Gelatin: Beyond Dessert

SUNDAY GOURMET

September 01, 1991|By Gail Forman

Mention gelatin and most people think of Jell-O. But for an easy-to-cook, light and healthful dish, think "aspic" and conjure visions of a savory molded salad or soup. What better time than summer to serve food so cooling and refreshing?

To make a savory aspic, use unflavored gelatin (an animal product produced from the bones and tendons of beef). Because gelatin itself is colorless, odorless, tasteless and has little food value, it's a good idea to boost its flavor and nutritional profile by using homemade soups and liquid salads (such as gazpacho) for the aspic base.

You can make aspic by simmering gelatin-rich foods such as calves feet, veal knuckles, poultry bones or fish trimmings with seasonings, which is what my mother used to do. In fact, one of her specialties was an Old Country dish: calves-foot jelly made with lots of garlic and eaten with hot mustard and vinegar.

But these old-fashioned aspics do take time.

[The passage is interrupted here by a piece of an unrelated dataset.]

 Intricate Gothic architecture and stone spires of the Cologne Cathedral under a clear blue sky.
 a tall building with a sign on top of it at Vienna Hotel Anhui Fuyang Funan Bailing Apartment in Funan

More quickly prepared are aspics produced by adding powdered gelatin to homemade or good-quality canned beef, chicken or fish broth. Squirt in a few enlivening drops of sherry, Madeira, port wine, brandy or lemon juice or add a pinch of fresh herbs.

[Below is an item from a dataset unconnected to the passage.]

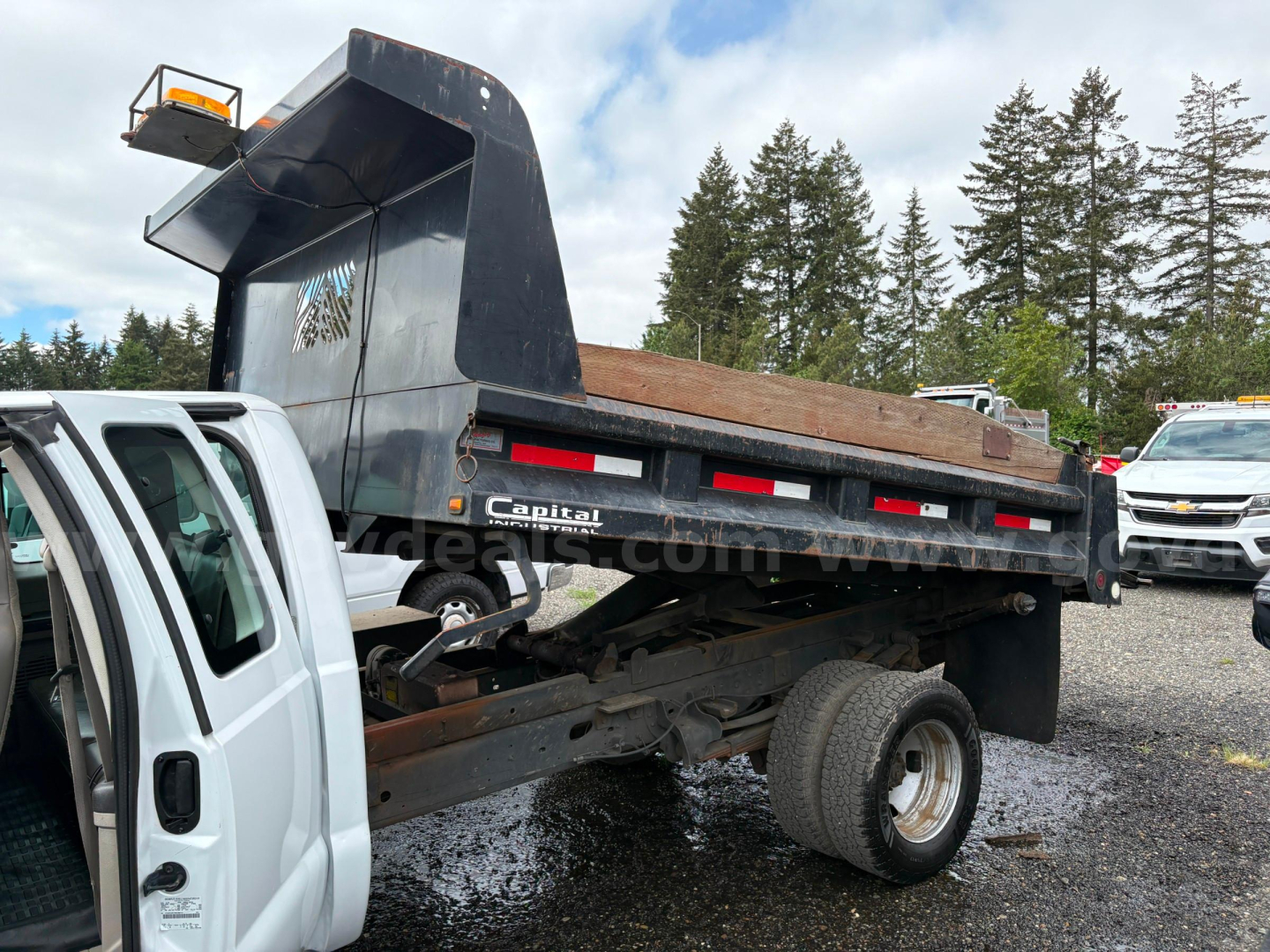 Dump bed truck rear showing dump body and chassis with wheel, side rails, and taillights; Ford F-350 truck bed under elevated dump container.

Also delicious are aspics made from wine, brandy or even water flavored with intense fresh herbs such as dill, rosemary or basil. Throw in some vegetables, cooked shrimp, crab meat, scallops, flaked whitefish, or chicken slices for texture. And if you want the chunks of vegetables or meat to swim rather than sink, wait until the gelatin partially sets before adding them.

Cooks in a hurry can speed up jelling by pouring the aspic into a chilled mold rinsed with cold water. Place the mold in a bowl of ice water, stir until the liquid is cool and stick it in the freezer until partially set. Add the solids and then refrigerate.

The only trick to achieving properly set gelatin is to dissolve it before heating it. Sprinkle a one-tablespoon packet of powdered gelatin over one pint of water, let it stand five minutes and heat it while stirring until no granules are visible.

For sparkling clear aspic, clarify the hot stock with beaten egg white; then strain it. Pour the hot aspic into a jellyroll pan and let it set in the refrigerator into a layer of jelly that you can cut into decorative shapes or chop up for use as an edible food garnish.

Most attractive of all is a shimmering gelatin mold. The easiest way to unmold is to set the container into a bath of hot water for about 10 seconds, loosen the edges of the gelatin with a sharp knife if necessary and turn the mold out onto a serving platter.

BASIC SAVORY ASPIC WITH VARIATIONS

4 cups clear beef, veal, chicken or fish stock

2 envelopes unflavored gelatin

Soak gelatin in 1/2 cup of cold stock for 5 minutes. Heat remaining stock and stir in gelatin. Cook, stirring constantly, until gelatin is completely dissolved. Cool.

At this point, variations are practically endless. To use as a garnish for cold foods, pour aspic into a jellyroll pan and chill until set. Cut into triangles, squares or other shapes or chop.

If using chicken broth, try adding fresh lemon juice to taste while the gelatin is still hot and about 2 tablespoons chopped fresh dill (or 1 teaspoon dried dillweed) when it is partially set. After unmolding, decorate with lemon slices and fresh dill sprigs. For more crunch stir in the chopped meat of a small cooked chicken breast, a chopped celery stalk and a couple of chopped mushrooms along with the dill.

For easy tomato aspic, substitute tomato juice for chicken stock and add freshly ground black pepper and fresh lemon juice to taste. When the gelatin is partially set, stir in 1 cup coarsely chopped tomatoes, 1 tablespoon chopped chives and 2 tablespoons chopped green pepper. Another idea is to add cooked bay scallops, tiny shrimp or crab meat. Serve with mayonnaise, remoulade sauce or salad dressing.

If using beef, veal, fish or vegetable stock, add chopped or shredded vegetables such as celery, radishes, mushrooms, carrots or onion. Serves four to six.